Generates a self-contained HTML deck with embedded base64 audio per slide. Open in any browser, no server needed.

```bash
voxflow slides "AI in Healthcare"
voxflow slides "Q4 Revenue Report" --template report --theme paper
voxflow slides "React Tutorial" --template tutorial --model balanced
voxflow slides "Startup Pitch" --template pitch --theme ocean --no-audio
```

| Flag | Default | Notes |
|---|---|---|
| `--text <text>` (or positional) | required | Topic |
| `--template` | `free` | `product` \| `report` \| `tutorial` \| `pitch` \| `free` |
| `--theme` | `midnight` | `midnight` \| `paper` \| `ember` \| `forest` \| `ocean` |
| `--model` | `swift` | `swift` \| `balanced` \| `pro` \| `creative` |
| `--voice <id>` | `v-female-R2s4N9qJ` | |
| `--no-audio` | false | Skip TTS, slides only |
| `--output <path>` | `./slides-<ts>.html` | |

10 layouts: `hero`, `title-bullets`, `two-column`, `three-cards`, `image-left`, `image-right`, `quote`, `timeline`, `stats`, `section`. Templates auto-pick a layout sequence.

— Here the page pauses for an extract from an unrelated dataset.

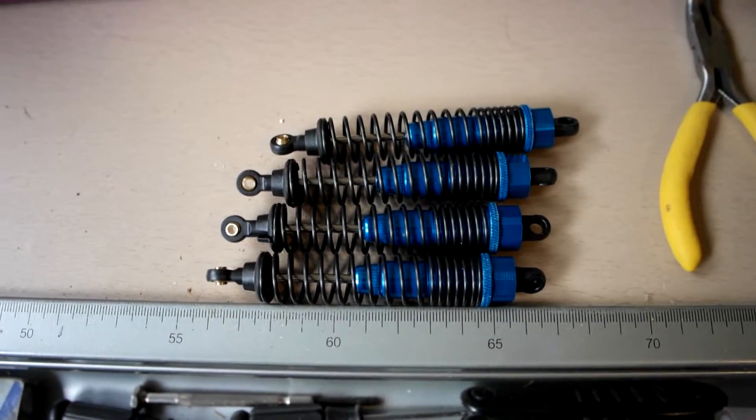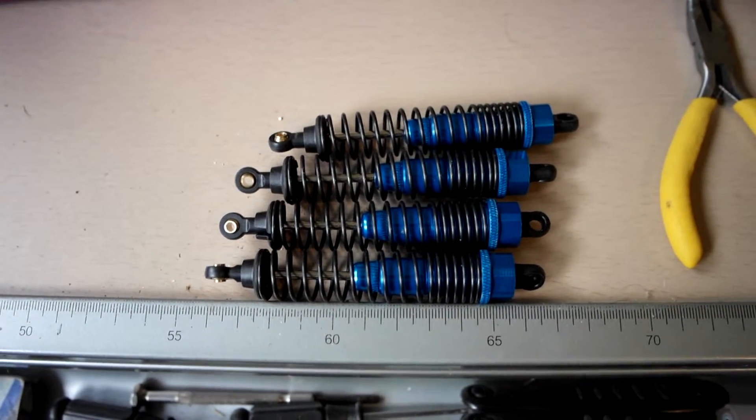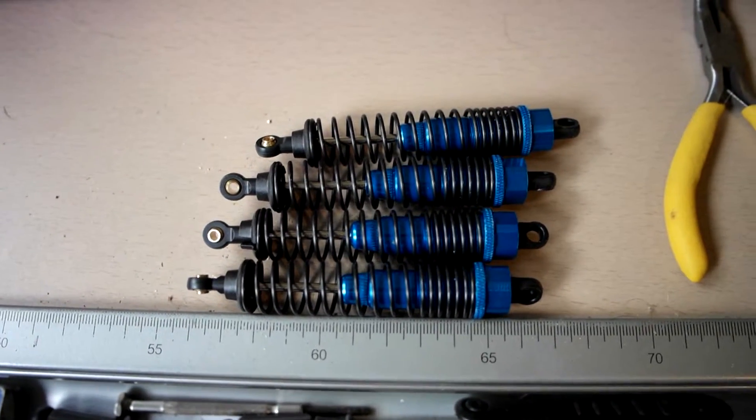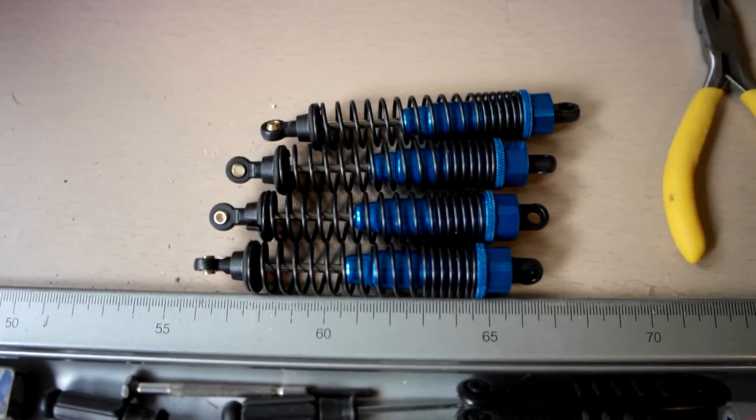I think they're aluminium alloy, oil filled. One of the original shocks is broken.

## 🖼 image — single Hunyuan illustration

Synchronous text → image (PNG). Useful for thumbnails or one-off art.

```bash
voxflow image "a sleeping cat in a sunlit window" --resolution 1024:1024 -o cat.png
```

Resolutions: `768:768`, `768:1024`, `1024:768`, `1024:1024`, `720:1280`, `1280:720`, `768:1280`, `1280:768`, `1080:1920`, `1920:1080`.

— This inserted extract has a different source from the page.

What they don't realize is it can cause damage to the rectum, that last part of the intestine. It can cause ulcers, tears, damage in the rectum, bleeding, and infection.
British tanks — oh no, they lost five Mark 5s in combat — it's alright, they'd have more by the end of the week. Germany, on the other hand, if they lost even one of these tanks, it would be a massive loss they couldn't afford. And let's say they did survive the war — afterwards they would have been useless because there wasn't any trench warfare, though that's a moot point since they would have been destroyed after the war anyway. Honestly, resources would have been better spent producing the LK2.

Prompt max 1000 chars. Output: local PNG + COS URL.


## Pick-the-right-tool checklist

```
"小红书风格知识卡片"           → picstory
"AI 短视频 + caption"          → picstory --style sketchnote
"explainer / What is X?"        → explain
"branded short with my text"    → present
"already have cards/script"     → present --cards
"shareable HTML deck w/ audio"  → slides
"single illustration"           → image
```

## Rules

1. **Search voices** with `voxflow voices` before passing `--voice`. Never guess IDs.
2. **Check quota** before video calls (`voxflow status`): picstory ≈ 3K, present/explain ≈ 500–2K.
3. **Test cheap first**: `picstory --scenes 2 --image-only` validates the script before paying for full render.
4. After render finishes, auto-play: `open output.mp4` (macOS).